Szczęśliwa trzynastka. Julita Izabela Zaprucka laureatką Nagrody Kulturalnej Śląska
Jak długo kieruje Pani jagniątkowskim muzeum?
W tym roku mija 13 lat.
Szczęśliwa dla Pani ta trzynastka?
Tak, bardzo. Nagrodę tę traktuję jako uznanie dla mojej pracy w muzeum. To, co prawda, nie pierwsze wyróżnienie, ale z pewnością najważniejsze. Wielka satysfakcja, że muzeum jest postrzegane dziś jako prestiżowa instytucja kultury o międzynarodowym zasięgu. Starałam się przez lata promować to miejsce jako ważne centrum dialogu kultur.
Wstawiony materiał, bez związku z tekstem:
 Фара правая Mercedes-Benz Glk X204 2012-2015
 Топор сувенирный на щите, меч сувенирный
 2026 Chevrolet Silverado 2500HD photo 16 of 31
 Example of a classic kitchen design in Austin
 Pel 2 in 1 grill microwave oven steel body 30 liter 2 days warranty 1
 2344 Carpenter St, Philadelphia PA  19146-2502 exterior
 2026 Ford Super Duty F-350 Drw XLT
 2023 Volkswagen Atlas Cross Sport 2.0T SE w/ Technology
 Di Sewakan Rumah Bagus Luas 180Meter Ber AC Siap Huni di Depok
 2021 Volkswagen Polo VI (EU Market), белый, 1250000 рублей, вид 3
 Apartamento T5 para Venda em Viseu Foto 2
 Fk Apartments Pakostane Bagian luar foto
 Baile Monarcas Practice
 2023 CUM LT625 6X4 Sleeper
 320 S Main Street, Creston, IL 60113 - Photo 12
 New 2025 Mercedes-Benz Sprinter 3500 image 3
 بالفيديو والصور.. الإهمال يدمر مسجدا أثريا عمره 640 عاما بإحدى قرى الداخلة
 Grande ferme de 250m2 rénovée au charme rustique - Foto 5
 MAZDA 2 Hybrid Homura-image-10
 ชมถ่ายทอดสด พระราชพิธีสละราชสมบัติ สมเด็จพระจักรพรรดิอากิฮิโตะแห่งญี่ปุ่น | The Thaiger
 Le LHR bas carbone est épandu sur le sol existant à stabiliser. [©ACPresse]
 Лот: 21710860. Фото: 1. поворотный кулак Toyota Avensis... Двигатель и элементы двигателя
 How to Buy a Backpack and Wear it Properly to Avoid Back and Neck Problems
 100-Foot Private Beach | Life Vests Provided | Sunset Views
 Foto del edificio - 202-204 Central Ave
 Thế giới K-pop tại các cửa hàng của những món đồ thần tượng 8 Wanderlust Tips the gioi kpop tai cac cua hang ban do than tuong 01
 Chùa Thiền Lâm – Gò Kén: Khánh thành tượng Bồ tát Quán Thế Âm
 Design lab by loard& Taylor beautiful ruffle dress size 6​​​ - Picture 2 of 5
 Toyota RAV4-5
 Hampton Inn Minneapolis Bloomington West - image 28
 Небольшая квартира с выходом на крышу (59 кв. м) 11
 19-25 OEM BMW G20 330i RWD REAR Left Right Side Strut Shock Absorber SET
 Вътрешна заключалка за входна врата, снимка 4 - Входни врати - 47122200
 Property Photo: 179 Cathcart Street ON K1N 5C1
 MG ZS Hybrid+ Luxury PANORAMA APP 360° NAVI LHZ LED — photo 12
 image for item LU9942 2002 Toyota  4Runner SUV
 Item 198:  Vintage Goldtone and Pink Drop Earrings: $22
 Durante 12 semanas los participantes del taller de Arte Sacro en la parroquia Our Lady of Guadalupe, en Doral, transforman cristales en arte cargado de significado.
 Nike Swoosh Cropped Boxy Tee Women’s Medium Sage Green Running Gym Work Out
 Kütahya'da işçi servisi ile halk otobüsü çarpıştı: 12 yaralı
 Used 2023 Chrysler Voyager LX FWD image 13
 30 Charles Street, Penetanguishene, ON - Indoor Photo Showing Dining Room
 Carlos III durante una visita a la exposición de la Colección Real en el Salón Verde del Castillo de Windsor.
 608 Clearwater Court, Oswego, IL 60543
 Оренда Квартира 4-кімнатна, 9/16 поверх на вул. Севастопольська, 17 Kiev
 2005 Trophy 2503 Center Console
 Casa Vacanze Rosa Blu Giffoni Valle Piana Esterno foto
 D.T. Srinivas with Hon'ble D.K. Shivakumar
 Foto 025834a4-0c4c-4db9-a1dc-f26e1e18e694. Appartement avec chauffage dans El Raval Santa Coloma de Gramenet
Z bardzo dobrym skutkiem, wszędzie docenianym i nagradzanym przez lata. Podobno, jak się Pani uparła, to pojechała do samego Güntera Grassa?
Tak, do Lubeki. Poprzedzone to było długoletnimi zabiegami. Chciałam pokazać w Polsce innego, nieznanego szerzej Grassa. Jako artystę znakomitych grafik. W rozmowie okazało się, że Grass wiele lat temu był już w willi „Łąkowy Kamień”. Ściągnęłam te grafiki do nas, zorganizowałam konferencję poświęconą jemu, pokazałam sfilmowane jego dzieła. Ale ten inny twórczo Grass był dla wielu niespodzianką.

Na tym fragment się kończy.